365 S.E.2d 176, 89 N.C. App. 145, 1988 N.C. App. LEXIS 233
CourtCourt of Appeals of North Carolina
DecidedMarch 1, 1988
Docket874SC769
StatusPublished
Cited by4 cases

This text of 365 S.E.2d 176 (Harper v. Morris) is published on Counsel Stack Legal Research, covering Court of Appeals of North Carolina primary law. Counsel Stack provides free access to over 12 million legal documents including statutes, case law, regulations, and constitutions.

Bluebook
Harper v. Morris, 365 S.E.2d 176, 89 N.C. App. 145, 1988 N.C. App.

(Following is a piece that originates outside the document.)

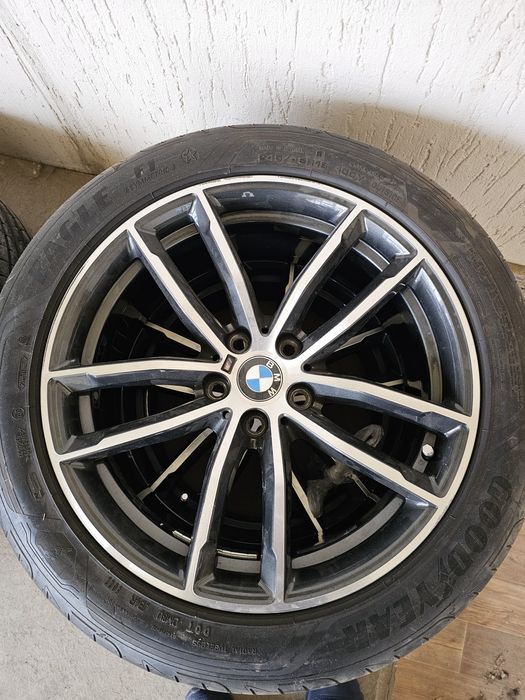 Bmw диск с летний резиной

LEXIS 233 (N.C. Ct. App. 1988).

Opinion

ORR, Judge.

It is well settled law in our state that when trees are unlawfully cut from the land of another, “claimant is entitled to either the difference in fair market value of the land before and after the cutting or the market value of the timber at the time and place of its severance plus incidental damages caused in removal, whichever he elects.” Simpson v. Lee, 26 N.C. App. 712, 715, 217 S.E. 2d 80, 82 (1975). Here the plaintiffs elected the diminished value measure, calculated by the difference in market value before and after the cutting.

Defendant contends the trial court erred by instructing the jurors that they could consider certain factors in determining the diminished value of plaintiffs’ property. These factors are:

the purpose for which these particular trees and shrubs cut, were grown and maintained; the cost of replacement or restoration of the same to the extent that it is reasonable and practicable; that is, not being excessive in relation to the damage to the land itself; and the contemplated use of the particular lands from which the timber and shrubs were cut or removed, including any aesthetic value to the landowners of such trees and shrubs.

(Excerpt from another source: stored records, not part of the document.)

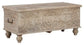 Fossil Ridge Storage Bench at Lee Furniture, NC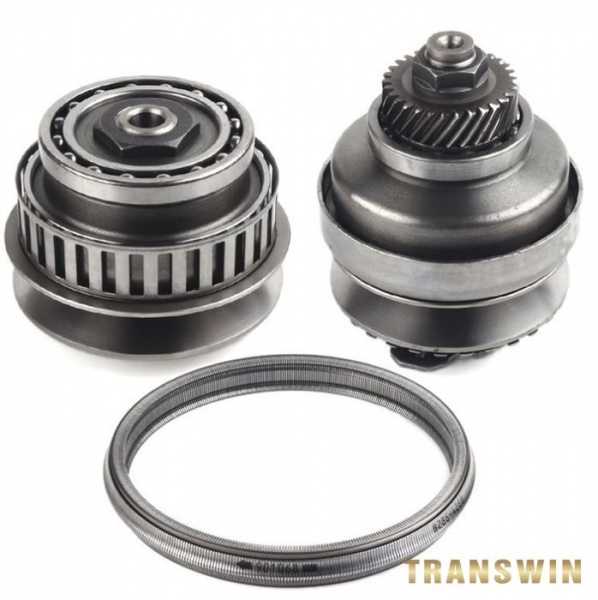 Used JF015 Pulley set with Bosch chain
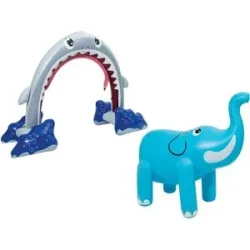PLAYTIVE Garten Wassersprinkler, aufblasbar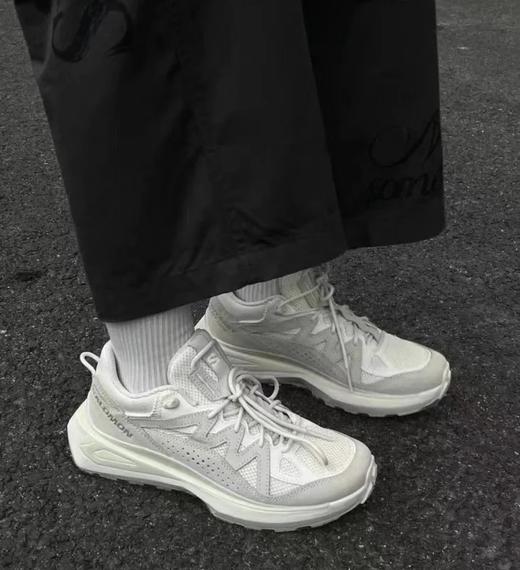 雷军同款  渠道货  ODYSSEY休闲运动鞋  男女同款  厚底增高运动鞋系带休闲鞋 商品图2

According to defendant, this instruction impermissibly expands the elements of damages recoverable in trespass actions. *147 We disagree. Each element of the instruction has some relevance in determining the diminished value of plaintiffs’ property.

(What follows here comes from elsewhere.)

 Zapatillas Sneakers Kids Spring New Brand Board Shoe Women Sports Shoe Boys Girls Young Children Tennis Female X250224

The purpose for which these trees and shrubs were grown and maintained and the contemplated use of the land including aesthetic value to the landowners, in our opinion, directly affects the market value of this property. Similarly the cost of producing the trees and shrubs has some bearing on the value of plaintiffs’ land, and one factor in determining the diminished value would be the cost of replacing or restoring the trees and shrubs to the same extent as is reasonably practicable. Diggs v. Railroad, 131 Mo. App. 457, 110 S.W. 9 (1908). See generally Annot. “Measure of Damages for Injury to or Destruction of Shade or Ornamental Tree or Shrub,” 95 A.L.R. 3d 508 (1979).

Appellant next contends the trial court erred by admitting evidence of replacement cost.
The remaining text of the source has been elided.